**GIVEN RECORDS:**
-*-
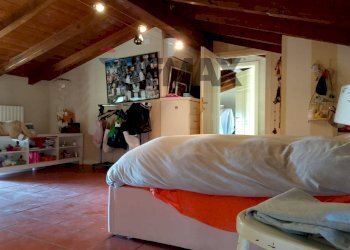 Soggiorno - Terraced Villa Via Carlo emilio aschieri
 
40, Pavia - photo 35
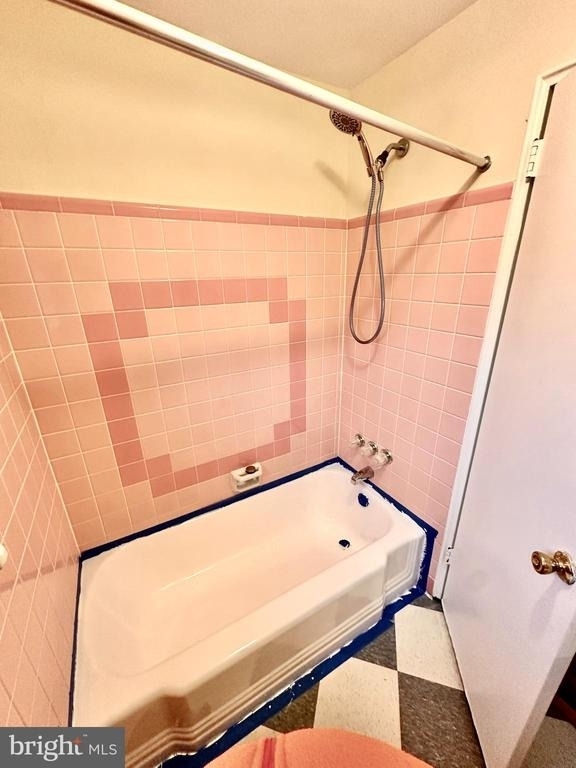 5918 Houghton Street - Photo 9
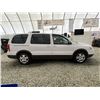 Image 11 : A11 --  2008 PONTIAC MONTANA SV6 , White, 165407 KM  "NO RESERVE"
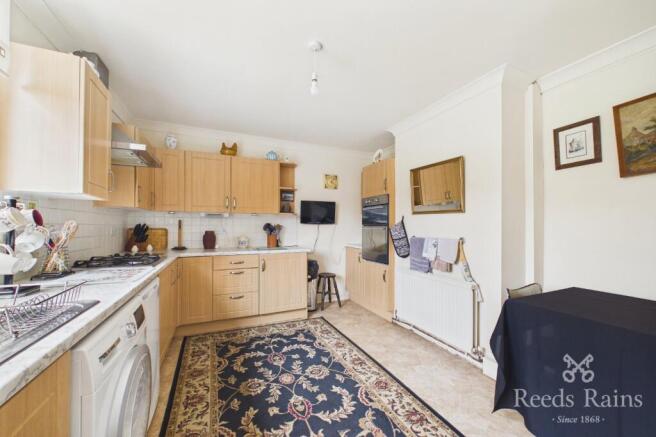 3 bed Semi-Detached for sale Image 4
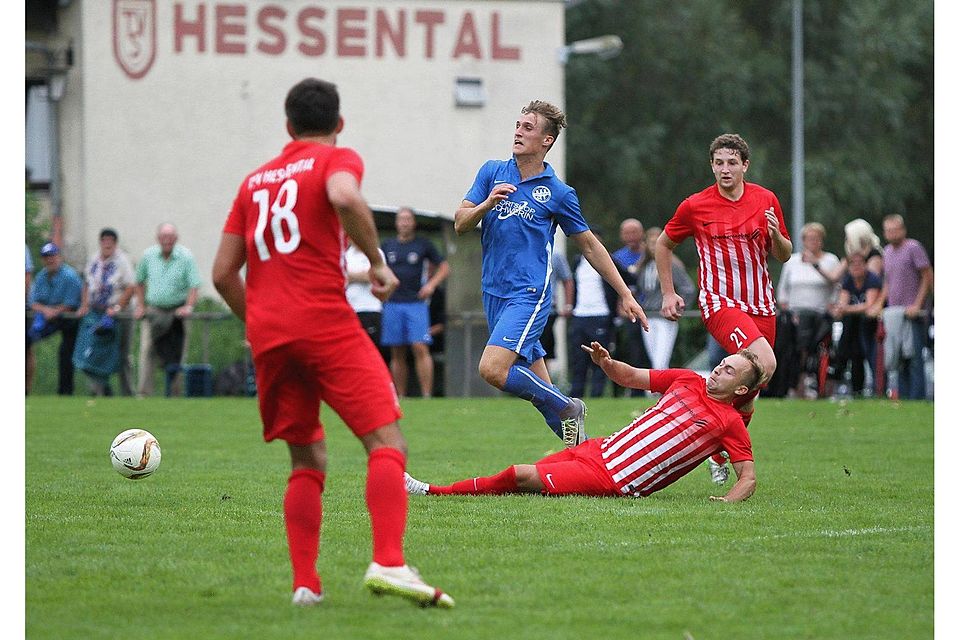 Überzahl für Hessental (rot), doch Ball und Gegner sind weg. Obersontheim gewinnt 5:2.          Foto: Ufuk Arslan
-*-
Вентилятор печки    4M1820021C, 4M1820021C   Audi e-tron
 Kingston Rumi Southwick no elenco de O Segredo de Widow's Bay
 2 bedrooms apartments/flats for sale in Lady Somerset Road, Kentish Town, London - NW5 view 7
-*-
**WORK REQUEST:**
Only one stretch of the entries above is needed: the lines from the one containing "Soggiorno - Terraced" through the one containing "Überzahl für Hessental". Copy it exactly, without the pictures.

**RESPONSE:**
 Soggiorno - Terraced Villa Via Carlo emilio aschieri
 
40, Pavia - photo 35
 5918 Houghton Street - Photo 9
 Image 11 : A11 --  2008 PONTIAC MONTANA SV6 , White, 165407 KM  "NO RESERVE"
 3 bed Semi-Detached for sale Image 4
 Überzahl für Hessental (rot), doch Ball und Gegner sind weg. Obersontheim gewinnt 5:2.          Foto: Ufuk Arslan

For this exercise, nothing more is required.